Review Summary: make sure that the sin and the glitter is gone
Maybe I'm a friend that stuck around too long. sounds like it was written through the grimy window of a tour van. You've probably composed this album in your head dozens of times, on a roadtrip with mates or after a particularly bad argument, but never committed it to tape. You've imagined yourself belting it out to those kids who gave you shit in high school or a years-old crush, wowing them into silence with your honesty and sincerity and pop-punk songwriting acumen. Befitting of an album like that, it's clumsy and awkward and fumbles for deeper meaning, but it can be hard to hold these sometimes endearing traits against Pemberton when the band clicks together and the songwriting rises to the occasion.
This happens for the first time in "Tendencies", a song that powerwalks its way to a hook tailormade to vibrate the windows in bars and pubs. Pemberton have shown their aptitude for great choruses already with "A Funny Thing Happened on a Way to the Morgue", so it's a genuine surprise when "Tendencies" takes a hard left turn and Jared Grimm switches to a piercing scream to end the hook. Grimm's vocal aptitude is a big point in the band's favour – he croons, yells and gently falsettos his way through song after song, even sustaining the harsh scream for an entire verse in "Casual Existential Despair" to briefly transform the song from rock into something from the 90s with a French name you'd find on bandcamp. Grimm and keyboardist Jack Paech also show an inclination towards great harmonies, especially during the power-pop banger "Anything/You" which recalls Aussie legends Trial Kennedy, but these moments are far too sparing and buried in a mix which never figures out if it's lo-fi or well-polished. Grimm's excellent performance, often energised by the airtight performance of rhythm section Slade Richardson and Damon Lloyd, helps to sell lyrics which are largely mired in the same topics every band in this genre has ever written about. "Tapleys Hill" channels a Wil Wagner confessional style for some solid lines about filthy habits and self-disgust, but the five-minute song sidelines the rhythm section of the band for far too long in favour of flickering down to an anticlimax. "When A Wise Man Points to the Moon" relies on a thrashing instrumental and attention-grabbing first line to shake off the previous song's apathy, but still loses its way without a clear melodic throughline during its very brief runtime.

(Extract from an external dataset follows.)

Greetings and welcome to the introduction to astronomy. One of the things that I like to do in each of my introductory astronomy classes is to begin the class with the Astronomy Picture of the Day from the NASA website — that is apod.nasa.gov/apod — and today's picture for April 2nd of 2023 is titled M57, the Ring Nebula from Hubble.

It's hard to avoid feeling that the band do both styles better with "To Live is the Way Out", a clear standout and just batshit crazy song which builds from a Damien Rice-esque piano twinkle and a slow bluesy guitar vamp to a climax with blastbeats, screaming and a solo that would make the best Guitar Hero player you know blush. It's the kind of tune a band might write three albums in to break the mould, which makes its appearance on Pemberton's debut all the more impressive; even amongst the genre-switching and bold stylistic shifts, the song has an obvious emotional anchor which keeps it grounded, something the band would do well to maintain on other songs. This quality is the one thing "Way Out" has in common with its otherwise polar opposite, "Chemicals", a closing track which sees the entire band cede the spotlight to Richardson for a raw life experience about a family member fallen into drug addiction. Both the lo-fi nature of the song and Richardson's Kinsella-esque accent are initially off-putting, especially after the genre-hopping of the previous two songs, but deeper listens of the song reveal a genuine, weary emotional depth that the album's other lyrics notably lack.
The inclusion of "Chemicals" is another indication that Pemberton have more up their sleeves than their modest sound might initially suggest, and hints towards future releases being bolder and cleverer with their songwriting choices. It's no coincidence that my favourite part of
Maybe I'm a friend that stuck around too long. is the title track, a minute-long interlude which sees a moving piano fugue a la Blink's "Stockholm Syndrome Interlude" accompany a recorded phone call. It's nothing groundbreaking, but the album's strange production comes in good for once when the specifics of the phone call are largely lost against the rising and falling of the keys: another lost opportunity for communication in a sea of missed calls. It's both the clearest articulation of Pemberton's obsession with failed relationships, and a great demonstration of the band's potential when they get out of their own way and let the music flow.